Caption-style text data:
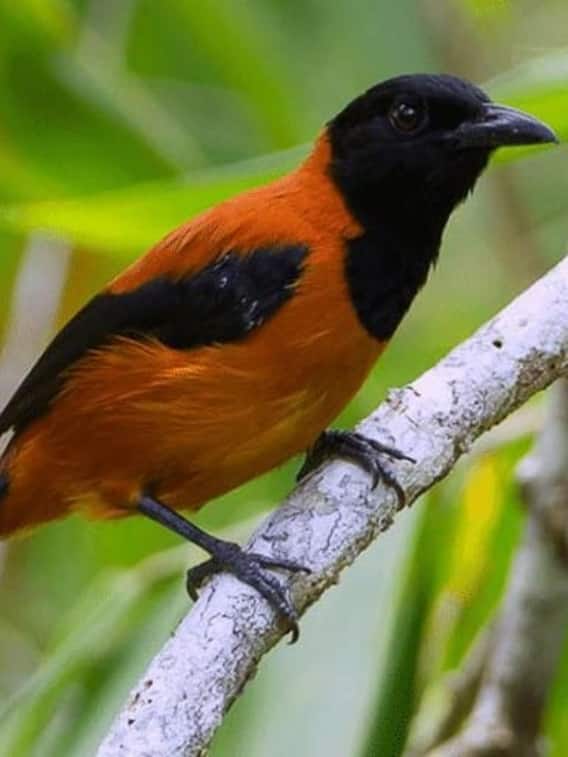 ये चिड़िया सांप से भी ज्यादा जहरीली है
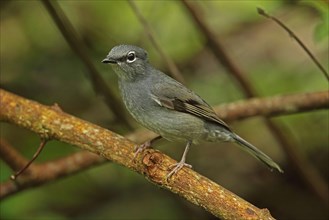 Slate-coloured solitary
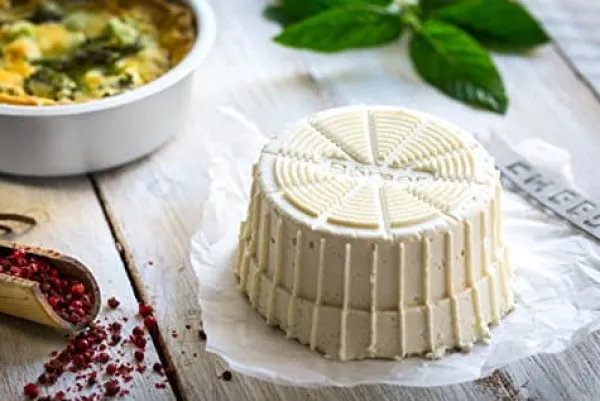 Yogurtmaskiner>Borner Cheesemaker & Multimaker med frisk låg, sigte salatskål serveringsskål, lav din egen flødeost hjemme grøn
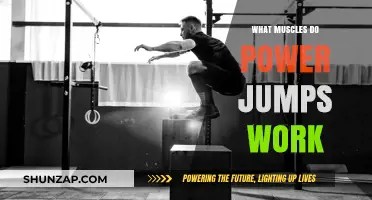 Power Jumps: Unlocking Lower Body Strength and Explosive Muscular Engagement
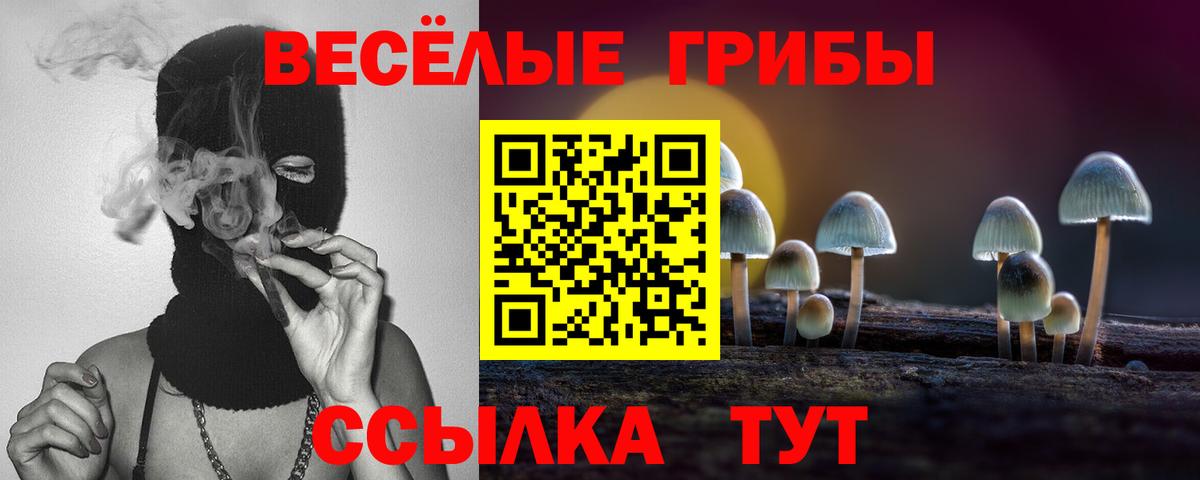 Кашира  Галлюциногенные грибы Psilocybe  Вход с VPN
--
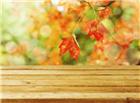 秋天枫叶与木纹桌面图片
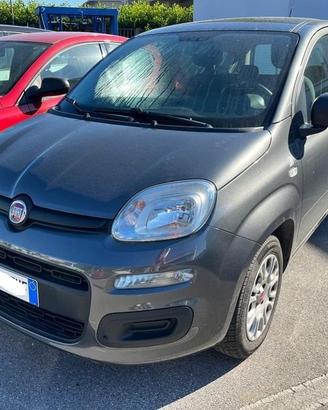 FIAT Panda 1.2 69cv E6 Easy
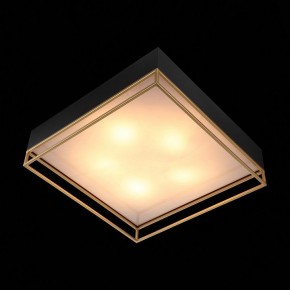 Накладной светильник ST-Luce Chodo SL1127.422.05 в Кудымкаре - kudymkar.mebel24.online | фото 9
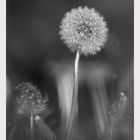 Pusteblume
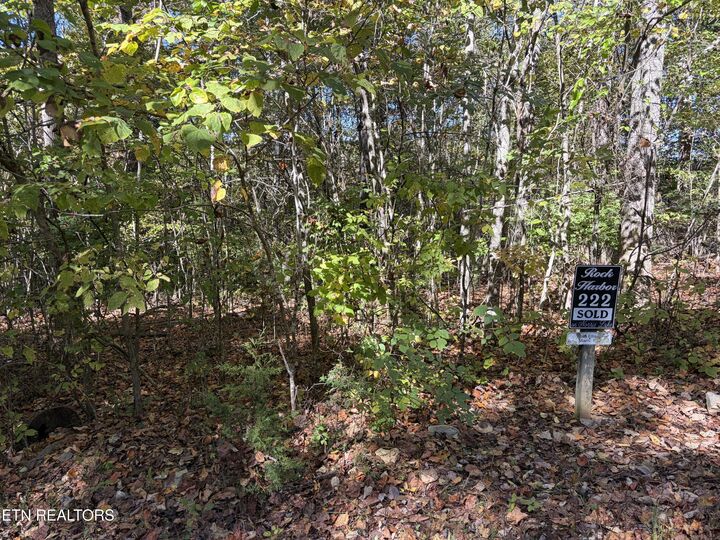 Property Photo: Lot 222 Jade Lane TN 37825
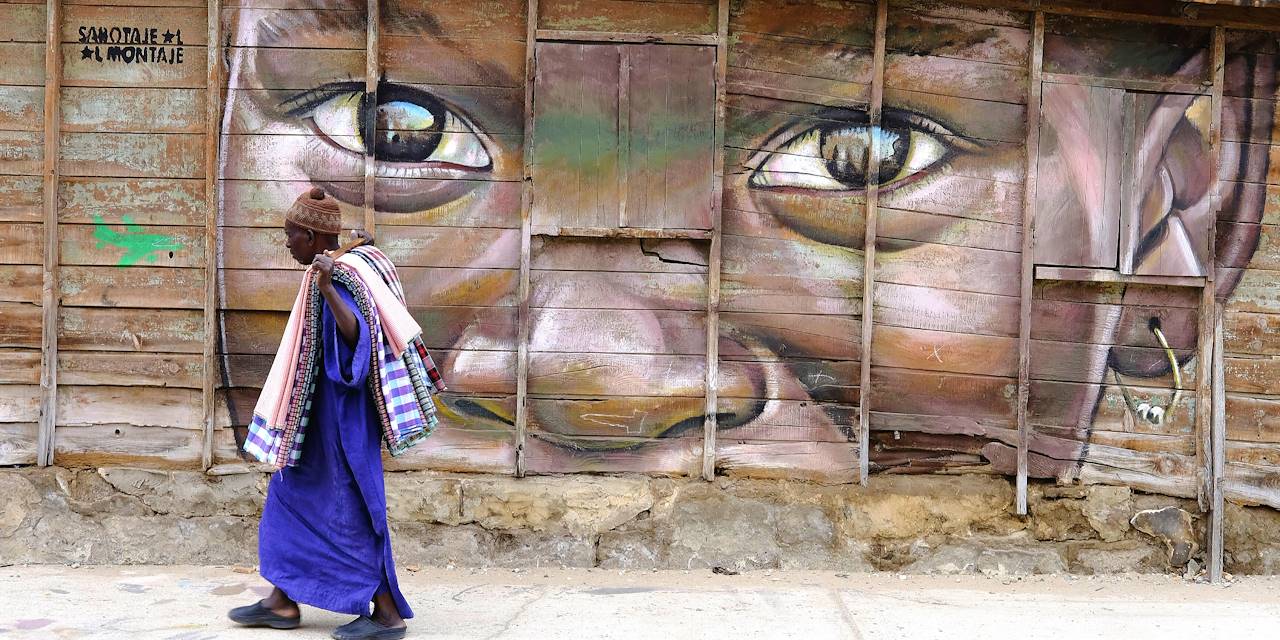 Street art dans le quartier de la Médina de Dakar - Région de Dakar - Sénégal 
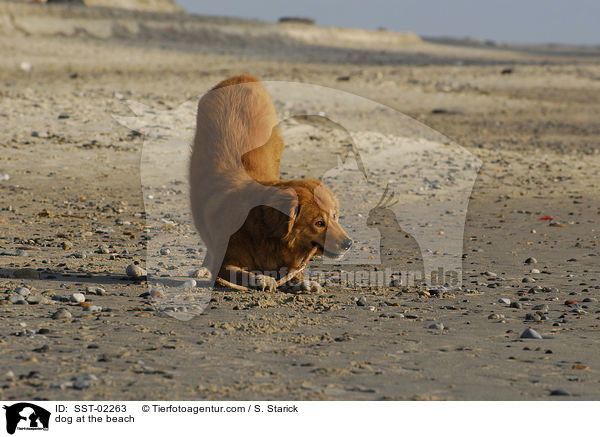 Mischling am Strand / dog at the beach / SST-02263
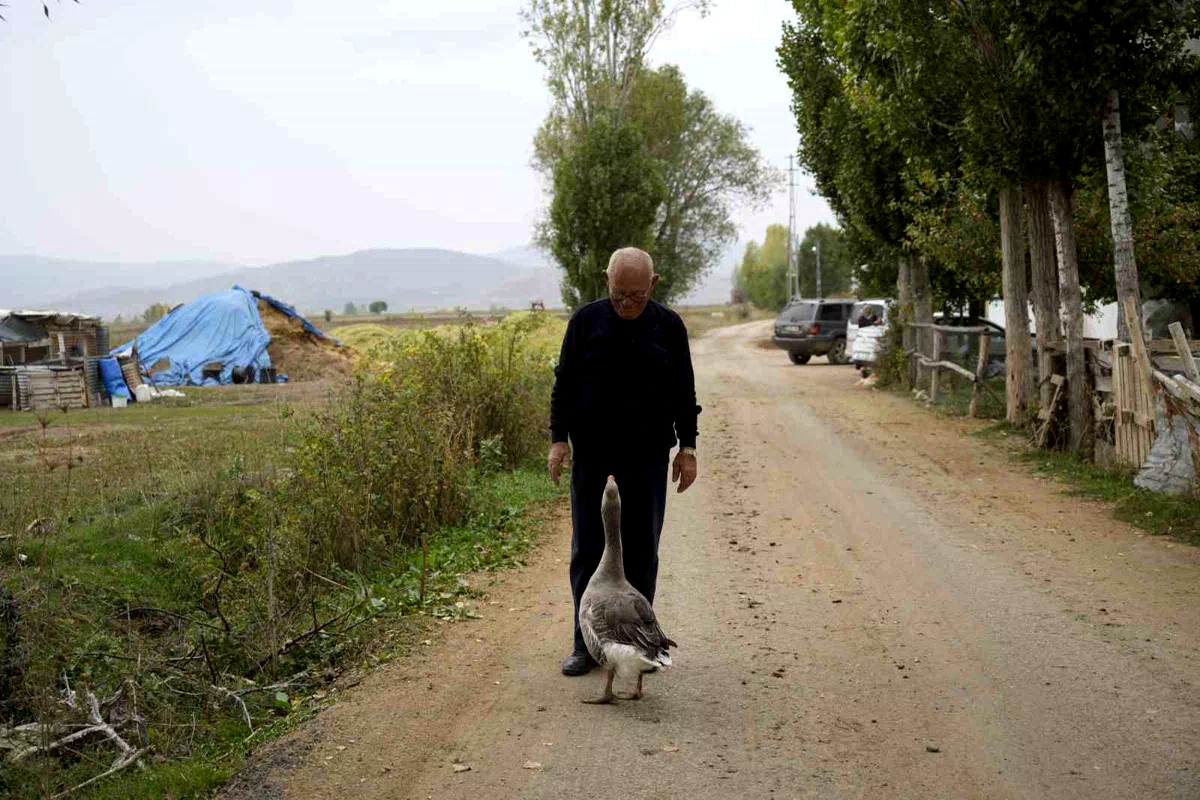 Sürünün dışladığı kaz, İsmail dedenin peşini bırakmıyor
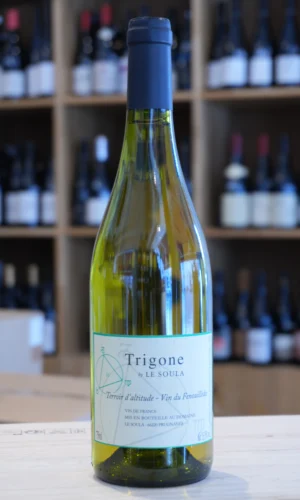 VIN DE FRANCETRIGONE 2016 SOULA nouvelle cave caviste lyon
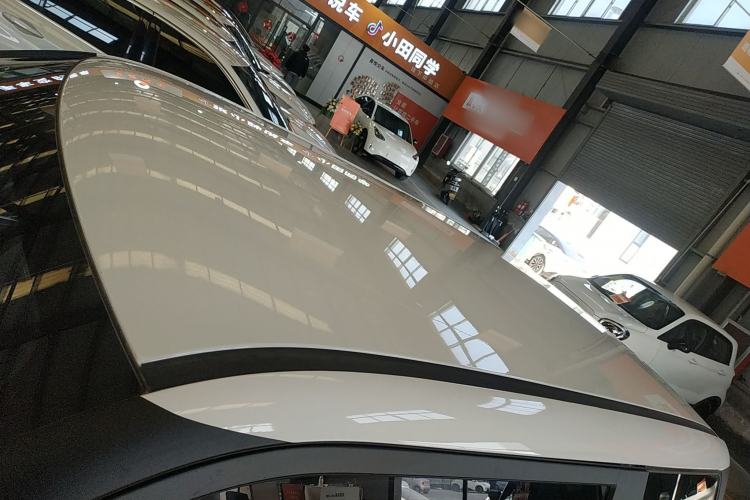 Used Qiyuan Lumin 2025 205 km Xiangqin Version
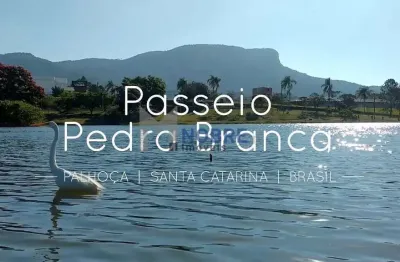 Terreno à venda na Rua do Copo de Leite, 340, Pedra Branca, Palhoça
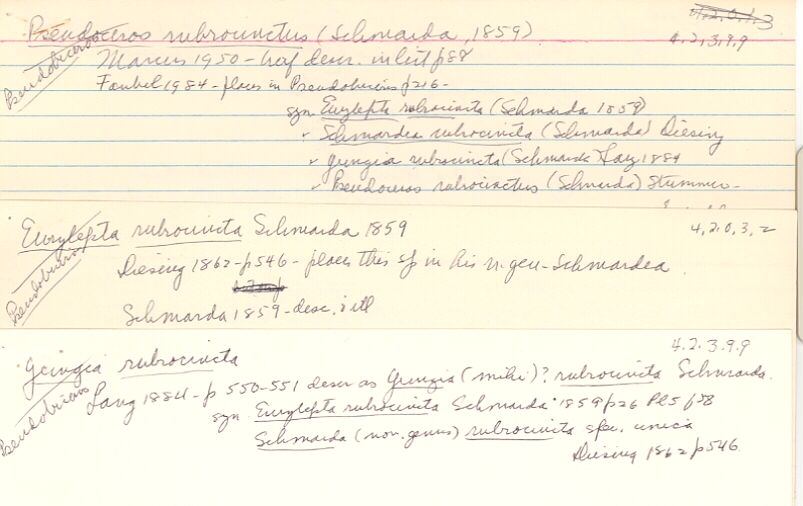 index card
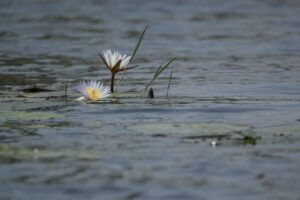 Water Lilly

--- PROBLEM TO WORK ON ---
For this exercise, return exactly the lines above from the line with "FIAT Panda 1.2 69cv E6 Easy" through the line with "Water Lilly", both included. Do not copy the pictures.

--- FINISHED EXERCISE ---
 FIAT Panda 1.2 69cv E6 Easy
 Накладной светильник ST-Luce Chodo SL1127.422.05 в Кудымкаре - kudymkar.mebel24.online | фото 9
 Pusteblume
 Property Photo: Lot 222 Jade Lane TN 37825
 Street art dans le quartier de la Médina de Dakar - Région de Dakar - Sénégal 
 Mischling am Strand / dog at the beach / SST-02263
 Sürünün dışladığı kaz, İsmail dedenin peşini bırakmıyor
 VIN DE FRANCETRIGONE 2016 SOULA nouvelle cave caviste lyon
 Used Qiyuan Lumin 2025 205 km Xiangqin Version
 Terreno à venda na Rua do Copo de Leite, 340, Pedra Branca, Palhoça
 index card
 Water Lilly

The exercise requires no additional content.